▶ [Data for this task]:
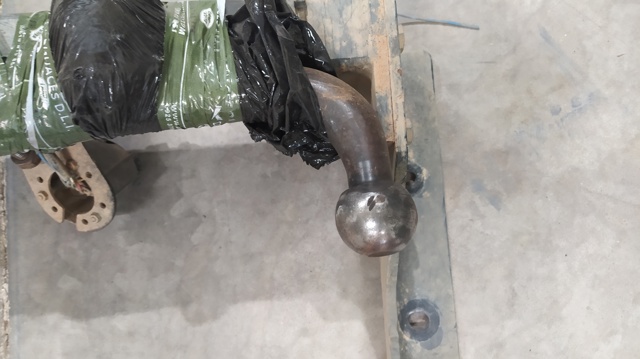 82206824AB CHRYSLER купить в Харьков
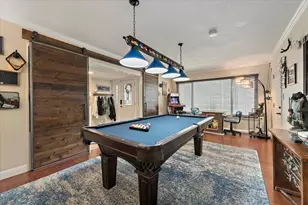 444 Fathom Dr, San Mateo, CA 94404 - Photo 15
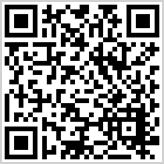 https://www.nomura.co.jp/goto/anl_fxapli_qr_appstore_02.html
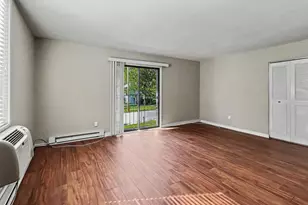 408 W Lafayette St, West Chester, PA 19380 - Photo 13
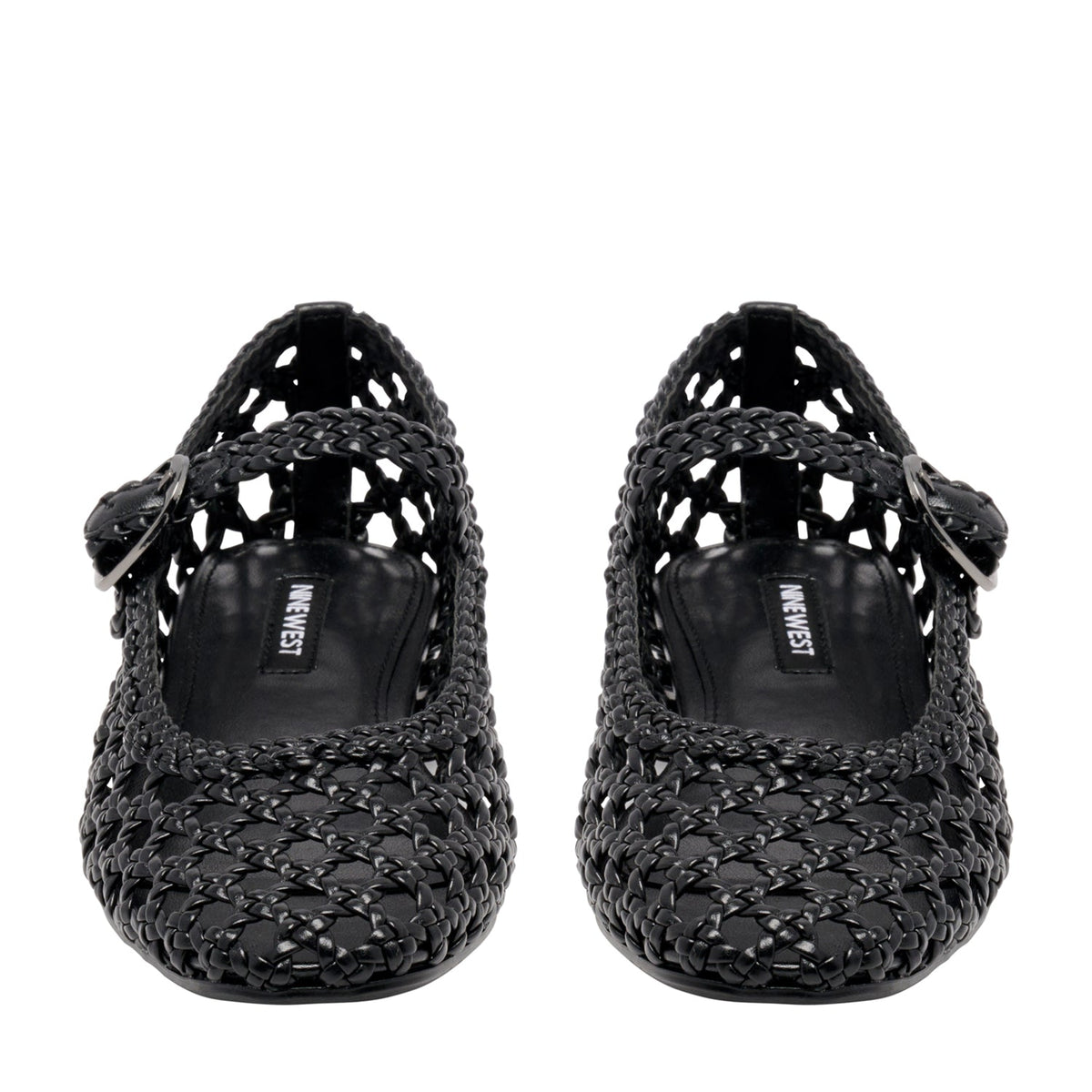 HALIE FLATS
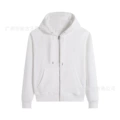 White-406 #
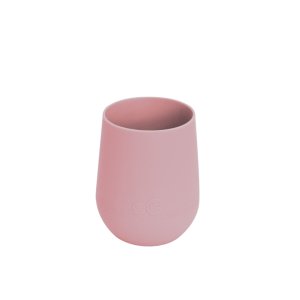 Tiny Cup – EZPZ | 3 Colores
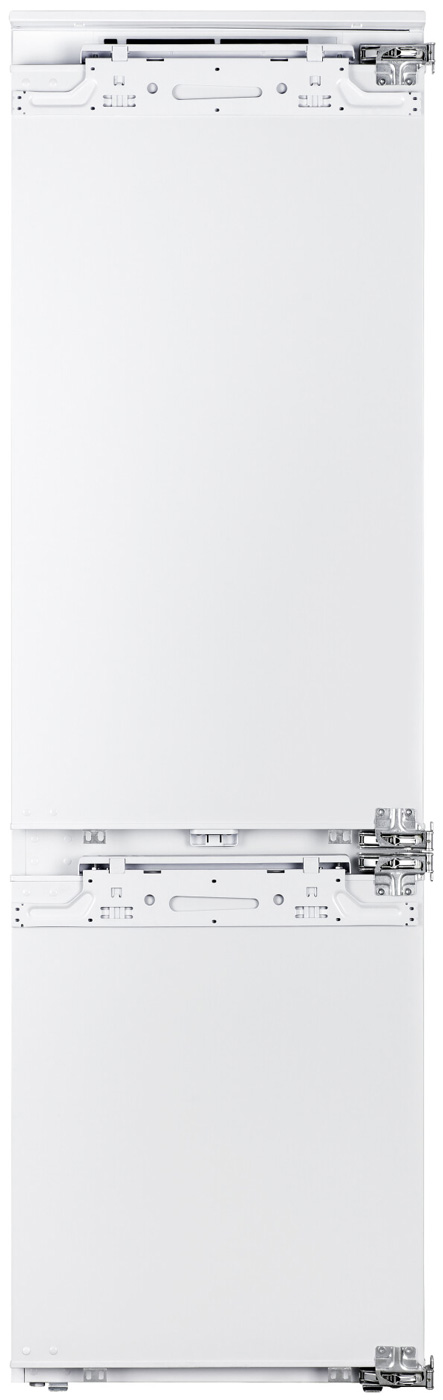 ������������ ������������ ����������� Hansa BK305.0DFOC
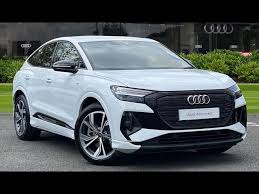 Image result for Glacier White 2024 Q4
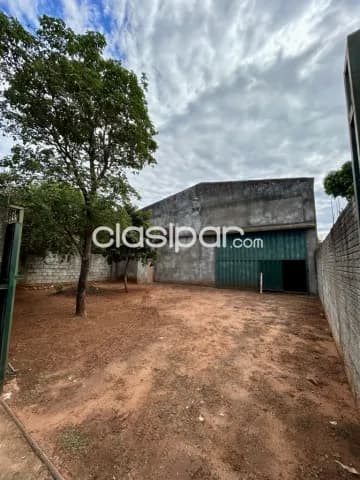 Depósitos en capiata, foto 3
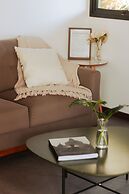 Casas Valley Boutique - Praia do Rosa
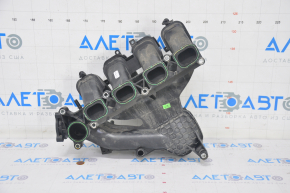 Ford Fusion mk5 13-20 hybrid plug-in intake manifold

▶ [Task to complete]:
Write out each line of the data exactly; the images should be left out.

▶ [Reply]:
 82206824AB CHRYSLER купить в Харьков
 444 Fathom Dr, San Mateo, CA 94404 - Photo 15
 https://www.nomura.co.jp/goto/anl_fxapli_qr_appstore_02.html
 408 W Lafayette St, West Chester, PA 19380 - Photo 13
 HALIE FLATS
 White-406 #
 Tiny Cup – EZPZ | 3 Colores
 ������������ ������������ ����������� Hansa BK305.0DFOC
 Image result for Glacier White 2024 Q4
 Depósitos en capiata, foto 3
 Casas Valley Boutique - Praia do Rosa
 Ford Fusion mk5 13-20 hybrid plug-in intake manifold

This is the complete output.